_Problem details:_ Return the data that follows exactly as it appears. Pictures do not belong in the copy.

_Provided material:_
%%

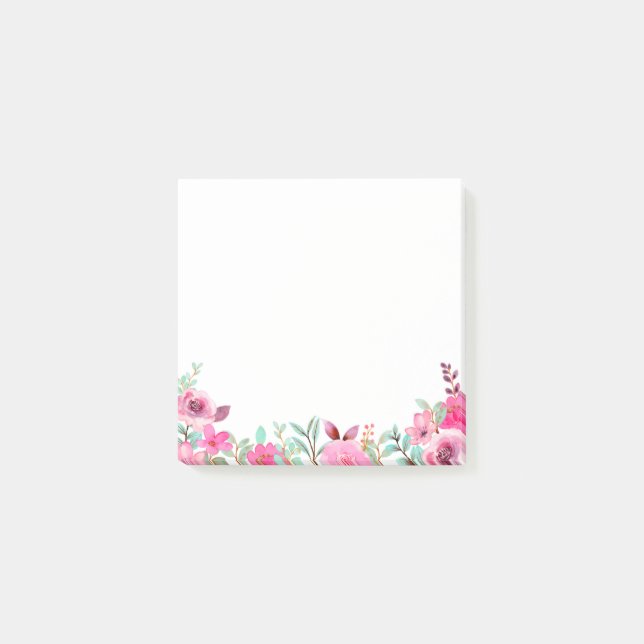 Wildflower Watercolor  Post-it Notes (Front)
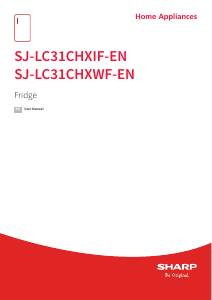 Manual Sharp SJ-LC31CHXWF-EN Refrigerator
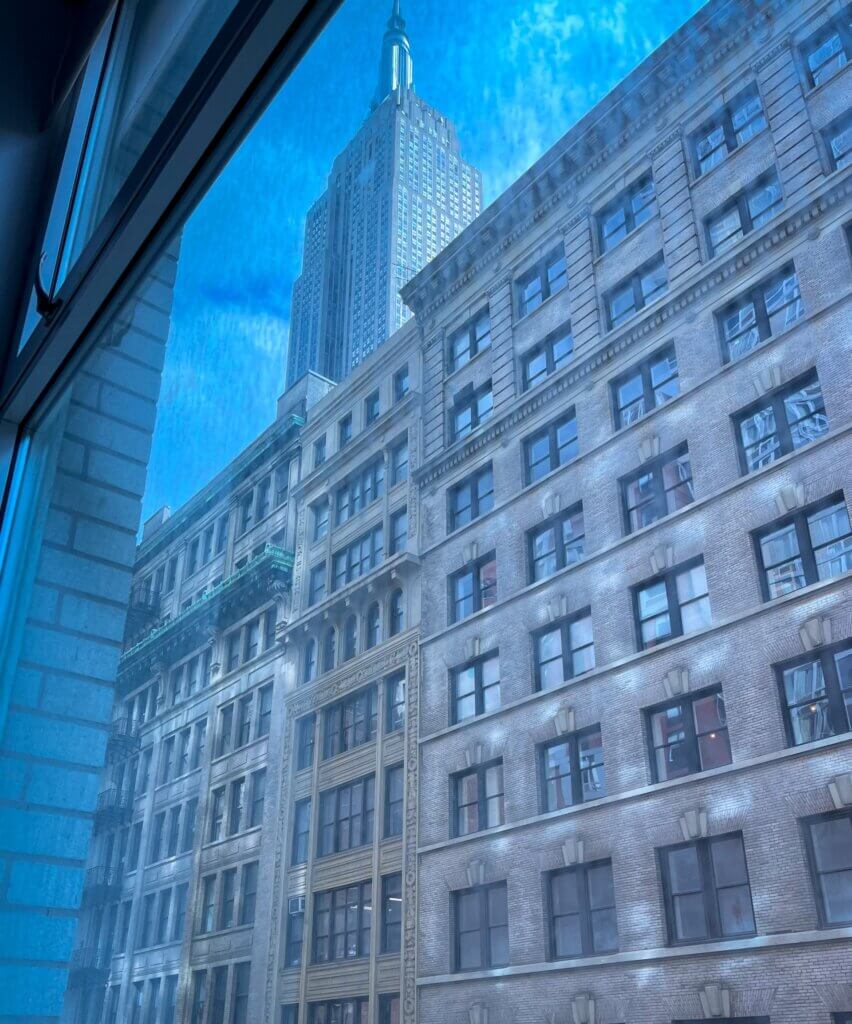 NYC uitzicht hotelkamer Empire State Building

%%

_Reply:_
 Wildflower Watercolor  Post-it Notes (Front)
 Manual Sharp SJ-LC31CHXWF-EN Refrigerator
 NYC uitzicht hotelkamer Empire State Building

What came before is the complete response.